▽

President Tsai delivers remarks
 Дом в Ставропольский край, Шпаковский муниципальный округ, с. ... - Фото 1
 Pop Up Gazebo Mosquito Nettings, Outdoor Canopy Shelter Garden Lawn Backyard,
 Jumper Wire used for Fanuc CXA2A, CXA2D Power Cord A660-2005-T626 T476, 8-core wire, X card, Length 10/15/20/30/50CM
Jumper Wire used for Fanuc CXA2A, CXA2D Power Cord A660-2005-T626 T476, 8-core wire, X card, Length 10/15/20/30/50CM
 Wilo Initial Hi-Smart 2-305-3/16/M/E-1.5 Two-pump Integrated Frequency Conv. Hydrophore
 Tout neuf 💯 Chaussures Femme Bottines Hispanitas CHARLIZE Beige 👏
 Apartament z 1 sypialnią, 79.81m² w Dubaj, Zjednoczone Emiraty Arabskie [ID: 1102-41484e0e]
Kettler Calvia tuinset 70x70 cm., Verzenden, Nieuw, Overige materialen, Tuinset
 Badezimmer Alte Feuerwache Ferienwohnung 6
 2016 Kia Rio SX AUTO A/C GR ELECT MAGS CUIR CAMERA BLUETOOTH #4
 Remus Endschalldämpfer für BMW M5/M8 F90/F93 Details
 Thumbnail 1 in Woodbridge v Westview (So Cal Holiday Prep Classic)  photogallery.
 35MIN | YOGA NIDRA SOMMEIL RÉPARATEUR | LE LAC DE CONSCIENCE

△

- _Work to complete_
Using the listing above, gather each line that holds the string "card" and copy it.

- _Answer box_
 Jumper Wire used for Fanuc CXA2A, CXA2D Power Cord A660-2005-T626 T476, 8-core wire, X card, Length 10/15/20/30/50CM
Jumper Wire used for Fanuc CXA2A, CXA2D Power Cord A660-2005-T626 T476, 8-core wire, X card, Length 10/15/20/30/50CM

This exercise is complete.